As much as I would like it to be more, I don't see Zipcar carving out much more than a niche. While niches can be successful, I don't like risking my money, at least as an investment, on them. I am more than happy to trade or speculate on niche stocks, but I would only go long on a handful of them, particularly the ones that fit into what I broadly define as the alternative transportation/energy market.

In some ways, I view Zipcar the way I see cycling as transportation. If everything lines up for a person, both present wonderful alternatives to the ball and chain of car ownership. But, everything must line up and that's not always easy.

You need to be in the ideal location for Zipcar to work for you. Of course, Zipcar management is smart. They target dense environments with either strong public transport or large numbers of people who do not own cars, but need to take somewhat frequent short trips. Great, worthy idea. But you need to be able to convince a large enough number of urbanites, for example, that the way they conducted business before Zipcar was so inefficient that they should plunk down the cash to become a Zipster. I just don't see it happening on a large enough scale. While they'll see continued success, I doubt Zipcar will ever come even close to having people wonder how they lived without them like they do an iPod or a mobile phone.

Zipcar also needs people to take the psychological jump. This notion relates to getting people to bike. No matter how many bike lanes you stripe, it takes a certain type of mentality to get somebody to gear up, risk their lives, and show up sweaty to work. It takes an equal leap of faith for many people, even urban dwellers, to give up their car. Certainly in the world's largest metropolitan areas - Manhattan comes to mind first - car ownership rates are incredibly low.
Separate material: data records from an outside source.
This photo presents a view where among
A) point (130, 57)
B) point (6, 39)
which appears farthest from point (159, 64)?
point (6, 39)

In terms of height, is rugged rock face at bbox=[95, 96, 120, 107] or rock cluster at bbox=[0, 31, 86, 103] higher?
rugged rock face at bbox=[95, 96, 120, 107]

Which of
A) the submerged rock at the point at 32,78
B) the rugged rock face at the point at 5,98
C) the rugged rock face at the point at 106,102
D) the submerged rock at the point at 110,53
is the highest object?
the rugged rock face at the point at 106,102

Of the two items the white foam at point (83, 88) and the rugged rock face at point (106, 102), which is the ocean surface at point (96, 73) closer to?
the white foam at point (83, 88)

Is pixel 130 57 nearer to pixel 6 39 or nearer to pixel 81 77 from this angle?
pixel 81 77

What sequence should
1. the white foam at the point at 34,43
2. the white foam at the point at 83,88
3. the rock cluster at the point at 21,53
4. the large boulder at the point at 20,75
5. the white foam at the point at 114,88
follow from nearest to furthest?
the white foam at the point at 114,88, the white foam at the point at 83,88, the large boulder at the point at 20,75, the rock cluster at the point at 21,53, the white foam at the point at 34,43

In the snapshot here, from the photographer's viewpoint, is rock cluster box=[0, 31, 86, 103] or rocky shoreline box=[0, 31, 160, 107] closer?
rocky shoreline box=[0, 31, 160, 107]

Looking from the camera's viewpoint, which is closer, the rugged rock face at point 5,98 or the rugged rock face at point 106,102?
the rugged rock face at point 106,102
Outside of Manhattan, however, particularly in the U.S., people, with the exception of folks who in live in most dense urban neighborhoods (like San Francisco's Nob Hill), tend to view car ownership as a necessity, a social statement, or both. The last thing these folks will do is "slum it" with Zipcar. For a majority of Americans, the idea has little, if any, appeal. And don't forget, lack of a vehicle often does not occur by choice. Some metros that show low car ownership rates do so as a result of poverty and low income. The poor do not equal Zipcar's target market.
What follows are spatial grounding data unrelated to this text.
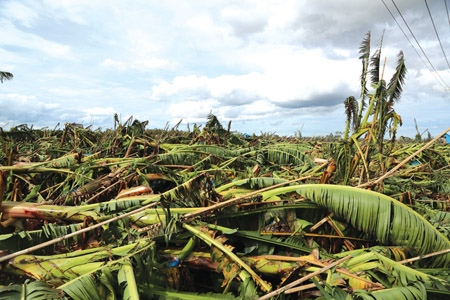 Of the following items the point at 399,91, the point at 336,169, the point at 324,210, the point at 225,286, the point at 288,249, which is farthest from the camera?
the point at 399,91

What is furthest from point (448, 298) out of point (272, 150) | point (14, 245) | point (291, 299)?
point (272, 150)

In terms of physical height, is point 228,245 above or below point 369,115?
below

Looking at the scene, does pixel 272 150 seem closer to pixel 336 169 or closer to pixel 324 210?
pixel 336 169

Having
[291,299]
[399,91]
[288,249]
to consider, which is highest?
[399,91]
I have lived in, visited, and studied the cities Zipcar is in and plans to expand to. Even in the greatest urban places they list - San Francisco, Vancouver, Toronto - the battle rages between advocates and car drivers. In a nutshell, Zipcar amounts to seitan. You've likely never heard of it, and, unless you're a vegan or a few steps outside of the status quo, you wouldn't dare try it. Like cycling as transportation, riding public transit, joining the Peace Corps, or teaching English in Yemen, Zipcar is a noble venture ... for other people to partake in.